Loosen regulation, embrace risk and strengthen free-trade deals. That was the advice of a long-awaited report by a Singapore government-appointed economic committee on Thursday.
Companies and public services in the Southeast Asian city state, already known as one of the most competitive and open economies in the world, should prioritise innovation; workers should reinvent themselves with new skills; and the government should give more support to emerging industries and smaller firms, urged the Committee on the Future Economy (CFE).
The committee, formed a year ago to devise solutions to boost an economy that has slowed to 1.8 per cent growth from 15.2 per cent in 2010, outlined its advice in a 109 page report that advocated seven broad strategies.
These ranged from supporting research and development and streamlining government grant schemes to riding the digital wave and upgrading the country’s transport infrastructure.
The Singapore government accepted the recommendations and said that ministers would provide a full response during the upcoming Budget, which will be read on February 20.
Painting a sombre outlook on the global economy, the CFE said the world had seen a “dark shift away from globalisation in 2016”.
“It no longer seems certain we are on an inexorable course towards greater globalisation, stronger multilateral institutions and a more connected world.
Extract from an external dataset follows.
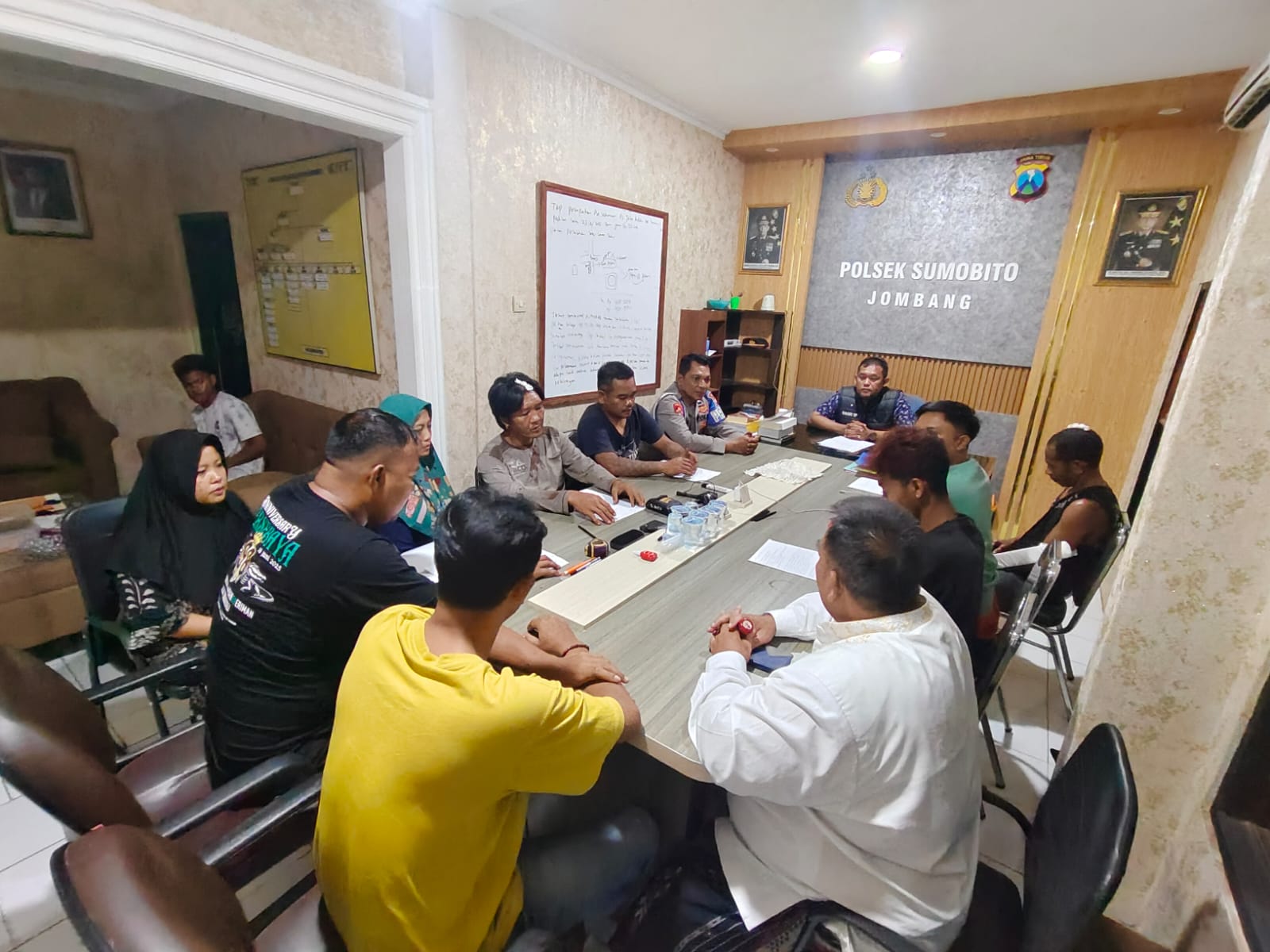 Proses mediasi usai kejadian adu jotos antara supeltas dsn kru truk di Sumobito, Jombang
Instead, we saw nativist politics and protectionist economics growing in strength and influence in Europe and the US,” said the committee, chaired by Singapore’s Finance Minister Heng Swee Keat and Trade and Industry (Industry) Minister S Iswaran.
“The anti-globalisation trend will undermine international trade, hurting all economies, particularly small open ones like Singapore, with two-thirds of our gross domestic product (GDP) generated by external demand.”
Singapore was dealt a blow earlier this year when US President Donald Trump pulled the US out of the Trans-Pacific Partnership. Meanwhile, right-wing politicians are gaining traction with voters in a handful of European countries set to hold elections this year.
At the same time, the global economy has seen structural shifts that have resulted in slower growth. Technological change is also accelerating, disrupting traditional industries such as the taxi industry even as new ones are created.
Amid the whirlwind of change, Singapore had no choice but to adapt as it always had, said the CFE.
The report paid particular attention to small- and medium-sized enterprises, urging them to use new technologies, engage in more research and development and expand into new markets.
Singapore’s corporate sector has been dominated by government-linked companies such as telephone company SingTel and industrial conglomerate Keppel Corporation, but the committee wants smaller firms to quickly scale up. It is calling for the development of new forms of private finance of Singapore companies, including easier access to venture capital funds.
Singaporean workers could no longer rely on the paper qualifications they received once they left school or university, warned the CFE. Workers must be prepared to continually pick up new skills, enter growing industries and work overseas in order to get the exposure and experience to do well.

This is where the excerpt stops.